5. Pathological examination
After the experiment, collect colon tissue for HE staining and pathological examination.

 

 

G1 Vehicle: A small number of lymphocytes are scattered in the lamina propria of the intestinal mucosa, and a small number of free neutrophils are observed.
G4 DSS: The intestinal mucosa is significantly thinned locally, and no large intestinal glands are observed in this area of the lamina propria. Slightly more inflammatory cells (lymphocytes, eosinophils, etc.) are observed, and focal mucosal defects are also observed. No significant inflammatory reaction or granulation tissue is observed in this area (considered an artifact), and lymphoid follicles are also observed.
G2 DSS→CsA: Local ulceration of the intestinal mucosa, inflammatory exudate and granulation tissue hyperplasia are visible, and a large number of inflammatory cells (including a large number of neutrophils, lymphocytes, histiocytes, etc.) and lymphoid follicles are observed.
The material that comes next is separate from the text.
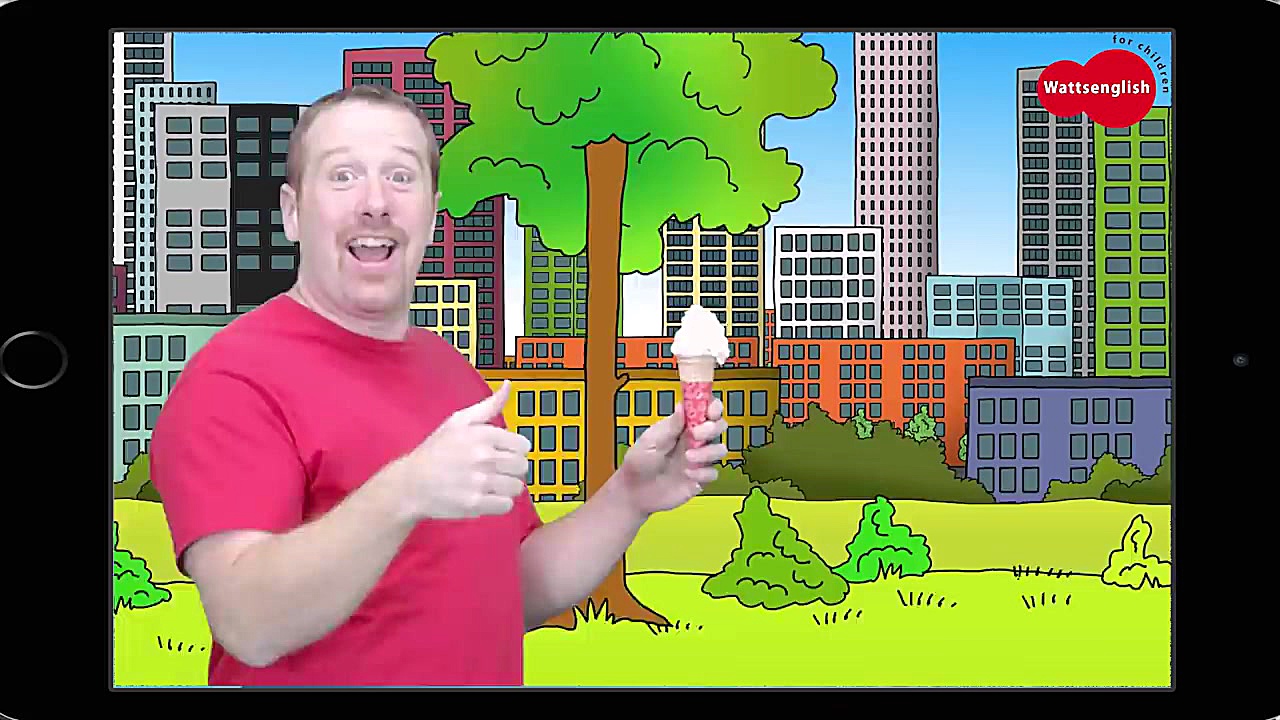 آموزش زبان پرتقالی استیو قسمت...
Some glandular epithelium shows hyperplastic changes, and some glandular epithelium shows low-grade intraepithelial neoplasia.
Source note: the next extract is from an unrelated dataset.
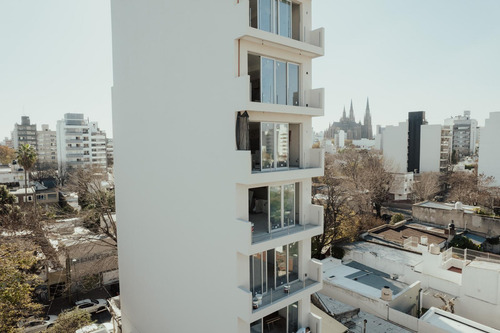 TORRE BRUMEL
Summary: Experimental data shows that in the modeling group (G4 DSS), compared to the unmodeled group (G1 Vehicle), the animals' weight continuously decreased during the modeling process. After stopping DSS stimulation on Day 7, the weight recovered; the DAI score on Day 13 was also significantly lower than that on Day 7; compared to the modeling group (G5 DSS) on Day 7 in the prophylactic administration experiment, the colon length increased on Day 13, and the CMDI score slightly decreased (individual differences cannot be ruled out); pathological results showed massive inflammatory cell infiltration, thinning of the intestinal mucosa, and ulcer formation. In the administration group (G2 DSS→CsA), the animals' weight continuously decreased during the modeling process. After stopping DSS stimulation on Day 7 and continuous administration, the weight recovered, and the recovery degree was greater than that in the modeling group (G4 DSS); the DAI score on Day 13 was also significantly lower than that on Day 7; compared to the administration group (G3 DSS+CsA) on Day 7 in the prophylactic administration experiment, the colon length increased on Day 13, and the CMDI score was slightly higher; pathological results showed similarities to the modeling group, but also showed partial hyperplasia and repair changes in the glandular epithelium. This indicates that the therapeutic CsA administration regimen alleviates weight loss in the DSS-induced inflammatory bowel disease model in C57BL/6 mice. Other clinical symptoms, such as stool viscosity, hematochezia, colon length, and the degree of intestinal mucosal damage, did not show significant relief in the administration group compared to the modeling group. The relief of symptoms in both groups from Day 7 to 13 mainly depends on stopping DSS stimulation.
In summary, CsA has a certain therapeutic effect in the DSS-induced IBD mouse disease model, but prophylactic administration is more effective.